Source code for docarray.math.distance.paddle

from typing import TYPE_CHECKING

import paddle

if TYPE_CHECKING:  # pragma: no cover
    from paddle import tensor
    import numpy


[docs]def cosine(
    x_mat: 'tensor', y_mat: 'tensor', eps: float = 1e-7, device: str = 'cpu'
) -> 'numpy.ndarray':
    """Cosine distance between each row in x_mat and each row in y_mat.

    :param x_mat: np.ndarray with ndim=2
    :param y_mat: np.ndarray with ndim=2
    :param eps: a small jitter to avoid divde by zero
    :param device: the computational device for `embed_model`, can be either `cpu` or `cuda`.
    :return: np.ndarray  with ndim=2
    """
    paddle.set_device(device)

    a_n, b_n = x_mat.norm(axis=1)[:, None], y_mat.norm(axis=1)[:, None]
    a_norm = x_mat / paddle.clip(a_n, min=eps)
    b_norm = y_mat / paddle.clip(b_n, min=eps)
    sim_mt = 1 - paddle.mm(a_norm, b_norm.transpose(perm=[1, 0]))
    return sim_mt.numpy()


[docs]def sqeuclidean(
    x_mat: 'tensor', y_mat: 'tensor', device: str = 'cpu'
) -> 'numpy.ndarray':
    """Squared euclidean distance between each row in x_mat and each row in y_mat.

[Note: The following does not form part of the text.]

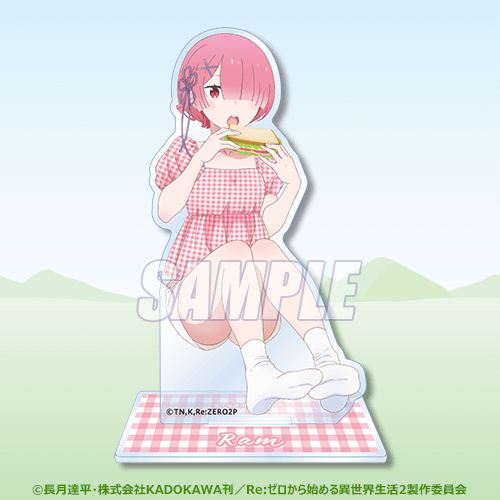 Re Zero cita romántica con Emilia y Rem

    :param x_mat:  paddle array with ndim=2
    :param y_mat:  paddle array with ndim=2
    :param device: the computational device for `embed_model`, can be either `cpu` or `cuda`.
    :return: np.ndarray  with ndim=2
    """
    paddle.set_device(device)

    return (
        paddle.sum(y_mat**2, axis=1)
        + paddle.sum(x_mat**2, axis=1)[:, None]
        - 2 * paddle.mm(x_mat, y_mat.transpose(perm=[1, 0]))
    ).numpy()


[docs]def euclidean(x_mat: 'tensor', y_mat: 'tensor', device: str = 'cpu') -> 'numpy.ndarray':
    """Euclidean distance between each row in x_mat and each row in y_mat.

    :param x_mat:  paddle array with ndim=2
    :param y_mat:  paddle array with ndim=2
    :param device: the computational device for `embed_model`, can be either `cpu` or `cuda`.
    :return: np.ndarray  with ndim=2
    """
    paddle.set_device(device)

    return paddle.sqrt(
        paddle.sum(y_mat**2, axis=1)
        + paddle.sum(x_mat**2, axis=1)[:, None]
        - 2 * paddle.mm(x_mat, y_mat.transpose(perm=[1, 0]))
    ).numpy()